*** Opening of Information provided ***

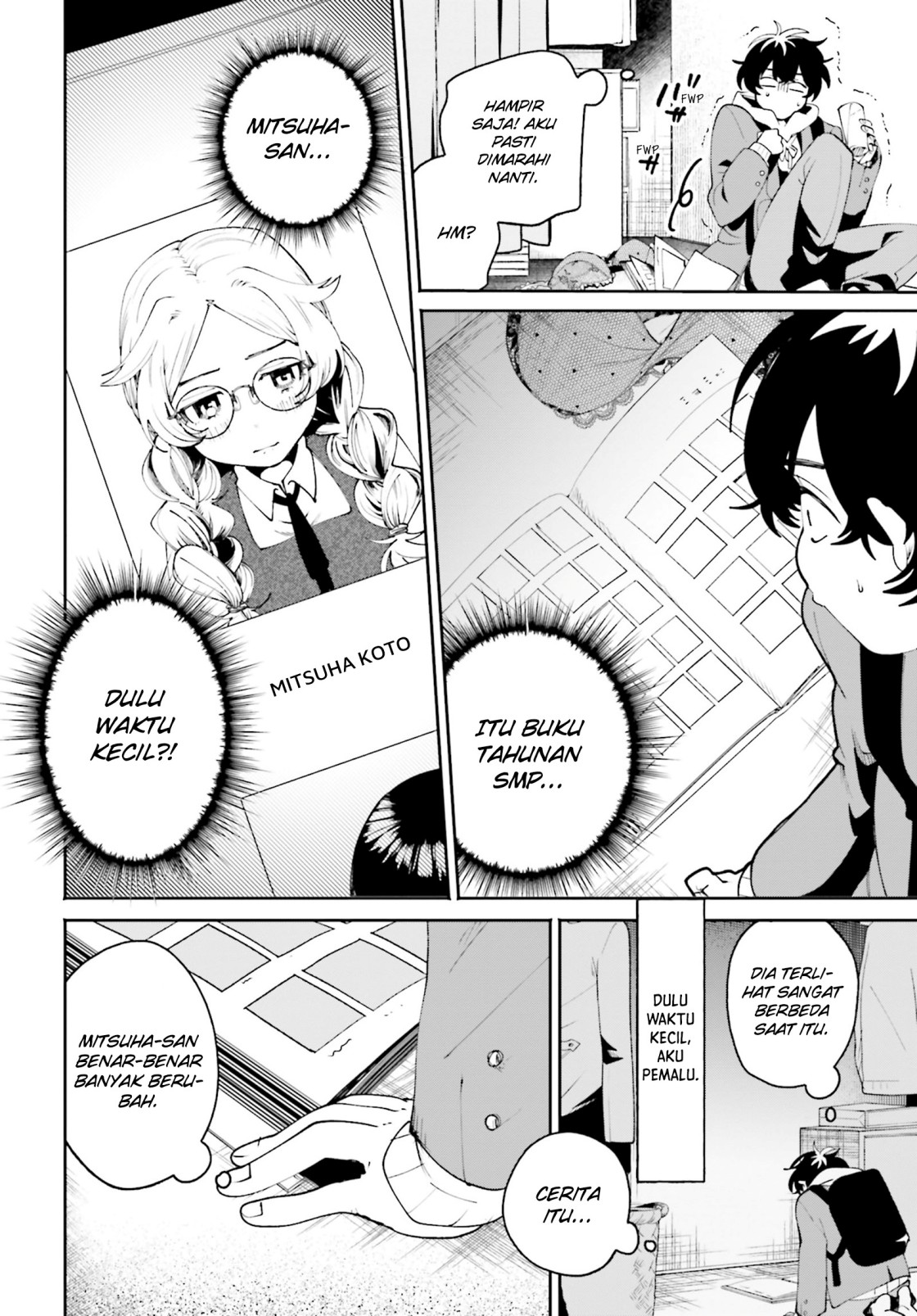 Filter-Goshi no Kanojo Chapter 06 Gambar 21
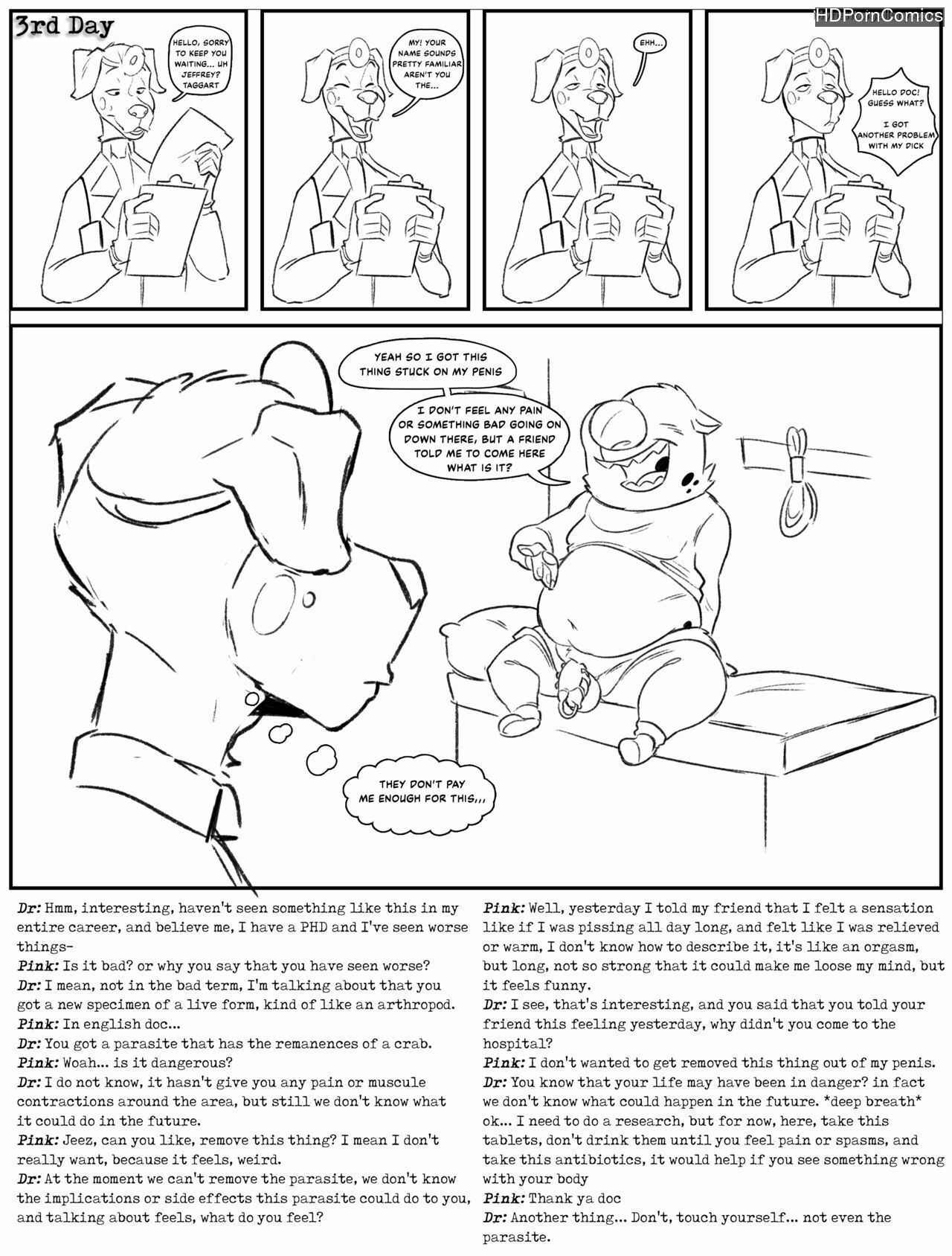 The Cock Hugger! 003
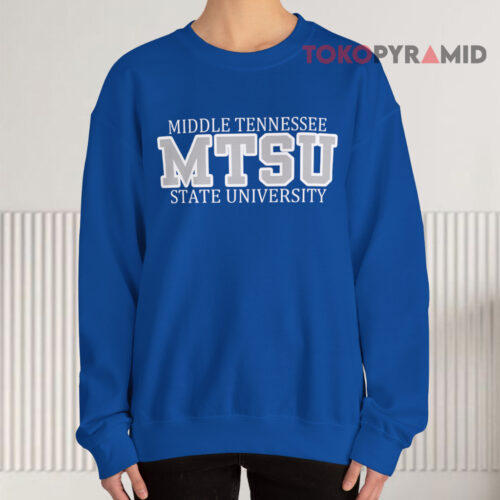Mtsu Middle Tennessee State University Sweatshirt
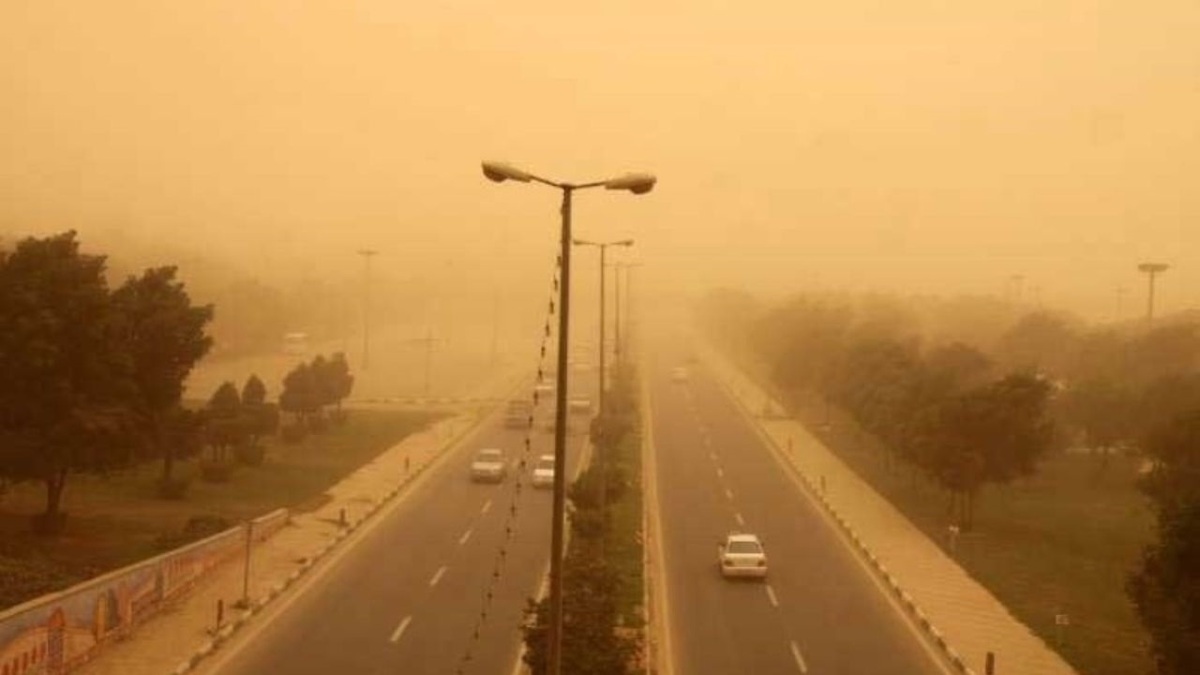 کاهش گرد و غبار در اکثر مناطق کشور کاهش گرد و غبار در اکثر مناطق کشور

*** Close of Information provided ***

• [Task directions]:
Since pictures are not part of the copy, set down only the remaining data exactly.

• [Solved exercise]:
 Filter-Goshi no Kanojo Chapter 06 Gambar 21
 The Cock Hugger! 003
Mtsu Middle Tennessee State University Sweatshirt
 کاهش گرد و غبار در اکثر مناطق کشور کاهش گرد و غبار در اکثر مناطق کشور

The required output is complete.